Parameters | Predictive Modeling | Filter to Include Predictor Categorical Variables

Filter to Include Predictor Categorical Variables
Use this field to specify a logical expression for subsetting the Predictor Categorical Variables. This is useful when you want to apply a statistical filter to reduce the initial number of candidate predictor variables passed to subsequent stages of predictive model building.
Categorical Variables are coded using 0 and 1 values, so filtering criteria are usually in terms of proportions. The expression must be a valid SAS WHERE clause, and it is applied separately to each predictor categorical variable.

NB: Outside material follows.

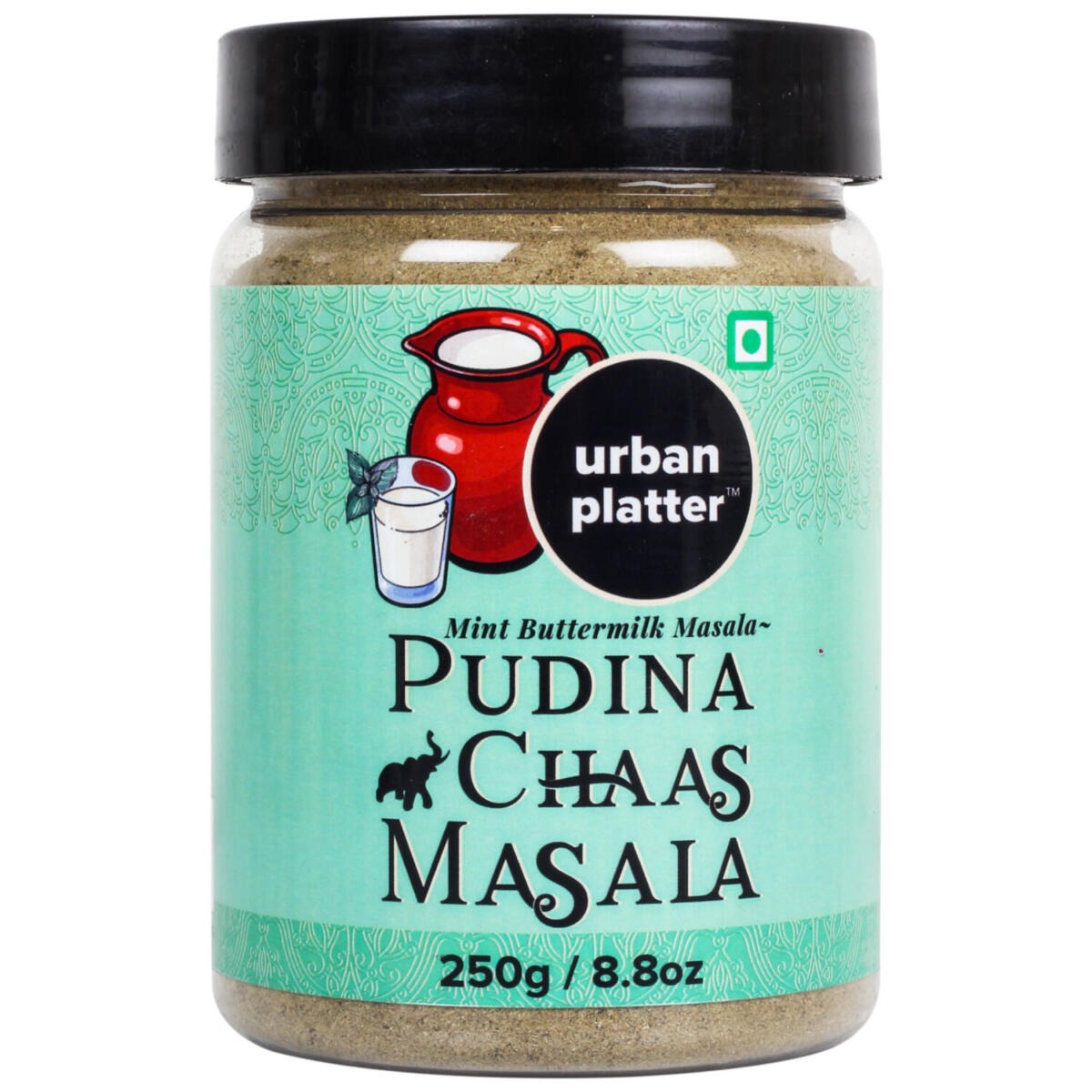 Urban Platter Pudina Chaas Masala - 250 gms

For example, to filter only diseased individuals from a data set containing a mixed population of diseased (sick) and healthy (healthy) individuals (as indicated in a column named DiseaseStatus), you could use the following simple WHERE expression:
WHERE DiseaseStatus = ‘sick’
Note: the word where has already been entered for you.
For more information about using filter fields, see The SAS WHERE Expression.
Reducing the Number of Predictors:
You can use one or more of the following statistical keywords in your expression: CSS CV IQR KURTOSIS MAD MAX MEAN MEDIAN MIN NMISS SKEWNESS STD STDERR SUM USS VAR.
For example, specifying MEAN > 7 and VAR > 3 keeps only those predictor variables whose mean value across observations in the input data set is greater than 7 and whose variance is greater than 3.
You can also use the keyword _NAME_ to filter by predictor variable name. For example, specifying substr(_NAME_,1,3) ne "af_" removes all predictors whose name begins with "af_".
When you have specified a test data set or when running Cross Validation Model Comparison, the WHERE clause is applied only to the training data set, and then all predictors not satisfying the expression are dropped from both the training and test data sets.
Refer to Definitions of Functions and CALL Routines for details about the aforementioned statistics.